> **ACTIVITY**
From the data that follows, set down exactly the lines from the one with "BelleLisaG Live Cam Porn - Photo 16/21" through the one with "2026 Ford F-150", counting both. Pictures stay out.

> **RECORDS PROVIDED**
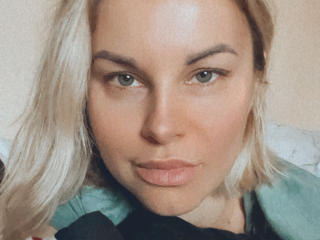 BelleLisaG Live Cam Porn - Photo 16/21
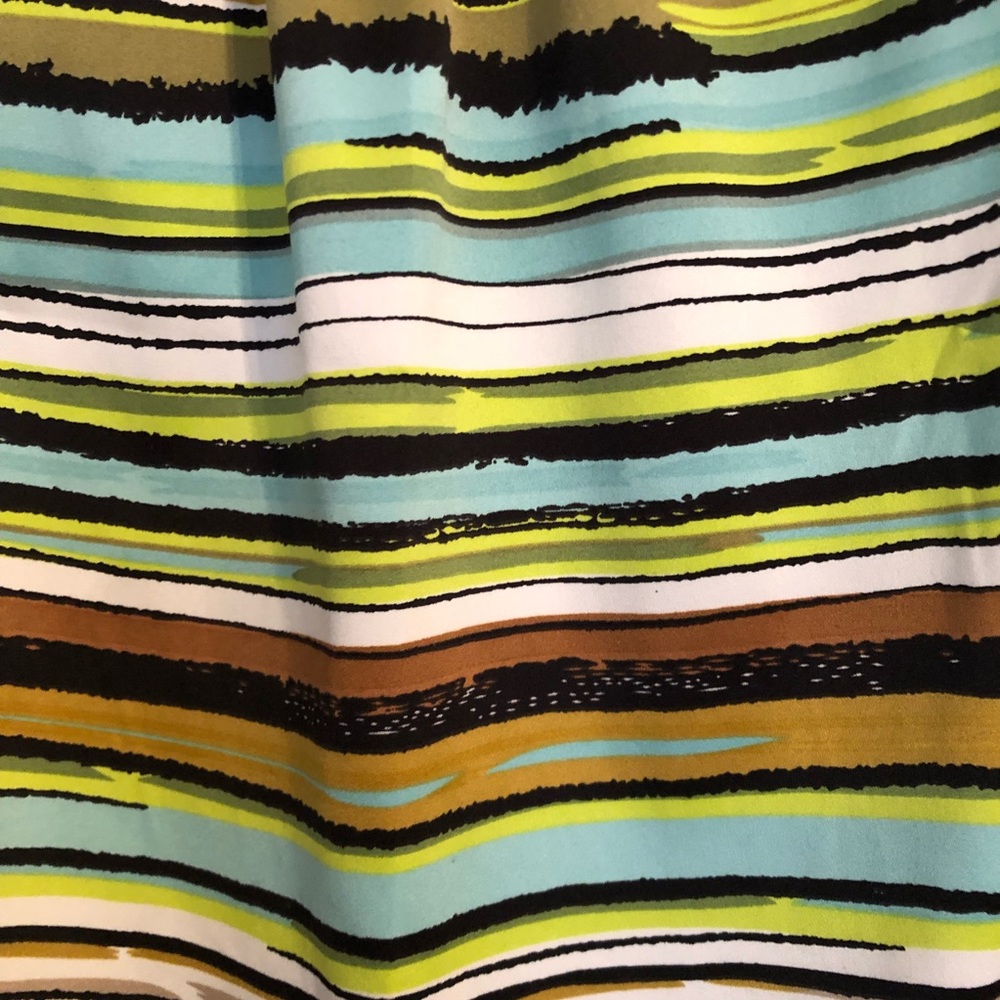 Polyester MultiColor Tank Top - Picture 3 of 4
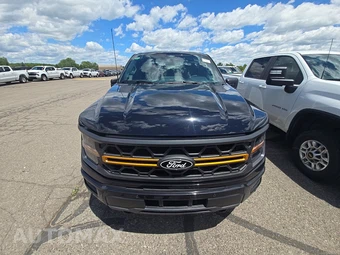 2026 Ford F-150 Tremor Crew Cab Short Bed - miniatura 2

--

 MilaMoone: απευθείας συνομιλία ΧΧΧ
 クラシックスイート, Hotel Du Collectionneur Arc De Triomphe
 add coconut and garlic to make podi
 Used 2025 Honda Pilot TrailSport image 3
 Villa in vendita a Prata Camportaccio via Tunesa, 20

> **SOLUTION BELOW**
 BelleLisaG Live Cam Porn - Photo 16/21
 Polyester MultiColor Tank Top - Picture 3 of 4
 2026 Ford F-150 Tremor Crew Cab Short Bed - miniatura 2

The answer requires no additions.